Specification of deforestation
The two models apply different solutions that may result in either negligible or significant impact on projections depending on the magnitude of deforestation. CBM applies user-defined criteria for deforestation and accounts explicitly for losses in all carbon pools during deforestation, following the IPCC guidance for national GHG inventories [19]. EFISCEN assumes that deforestation takes place after a final felling, so the impact on forest indicators may be significant if there is a different magnitude of deforested area. Nevertheless, this analysis excludes the carbon loss by deforestation in both models. The deforestation rate applied in this simulation seems to have a negligible impact on Romanian forests, as demonstrated by both models.
Further research, data needs and improvements
The availability of NFI data as regionally aggregated instead of plot-level might have affected the simulation effort. Thus, data and related metadata should be made available freely and openly to the scientific community to ensure good governance of forest and forestry information. Repeated measurements as well as improved modelling tools are further required to allow assimilation of most recent data in the modelling exercises [60].
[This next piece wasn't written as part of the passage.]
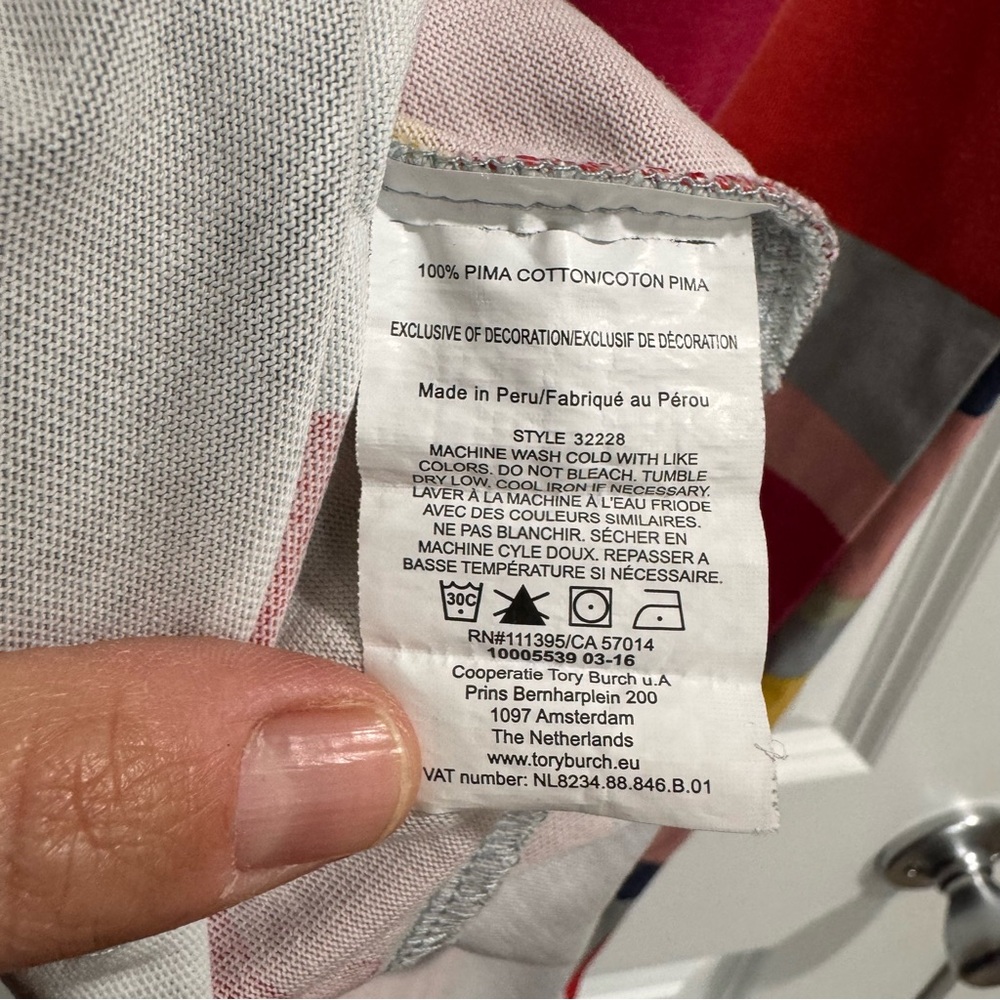 Tory Burch Kimberly Patchwork Geometric Print Dre… - image 5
Both models require pre-processing, and despite they are both open source, the pre-processing may limit the full reproducibility, i.e., if different models are used to fit the yield and increment. For this reason, more transparency is needed when models are improved or used.
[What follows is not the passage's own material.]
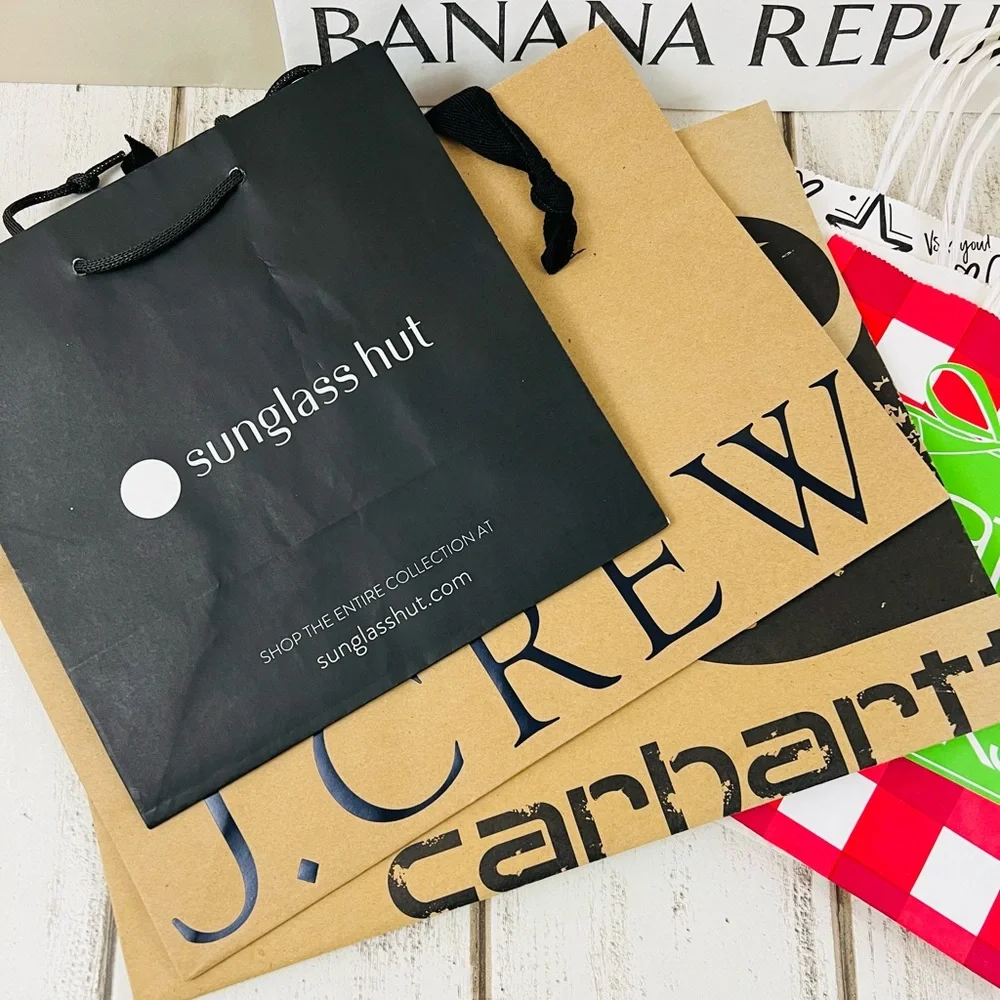 Paper Shopping Gift Bag Bundle Banana Republic J.Crew Carhartt Victoria’s Secret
A harvest-optimization tool is needed for CBM, which requires explicit harvest demand according to forest types for the simulated period. While this is a straightforward task for non-stand–replacing disturbances based on intensity of thinning interventions, it is a difficult decision for old stands, where forestry principles may result in various responses on forest dynamics: normalization/optimization of forest age structure (e.g., either on standing volume or area), or optimization of transfers to older protected forests (e.g., proportions of area excluded from wood production).
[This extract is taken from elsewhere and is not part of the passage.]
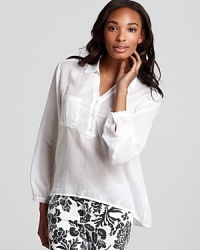 Rendered in lightweight cotton, this AG Adriano Goldschmied blouse is the perfect topper for sunny-season chic. Rendered in lightweight cotton, this AG Adriano Goldschmied blouse is the perfect topper for sunny-season chic.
Improvements are already in progress for both models. The new EFISCEN-Space will be based on a modelling approach running on each NFI plot and its individual trees, accounting for information (such as tree densities) and individual tree data (such as diameter and height and running on climate sensitive growth functions). These NFI plot data will allow for better representation of mixed forests, uneven-aged forests, actual forest management and site-specific growth conditions, thereby making a climate-sensitive modelling approach possible. Refining the representation of climate-change impacts is the subject of ongoing research on both models. CBM moves to open-source versions while it strives to implement geospatial simulations [61, 62].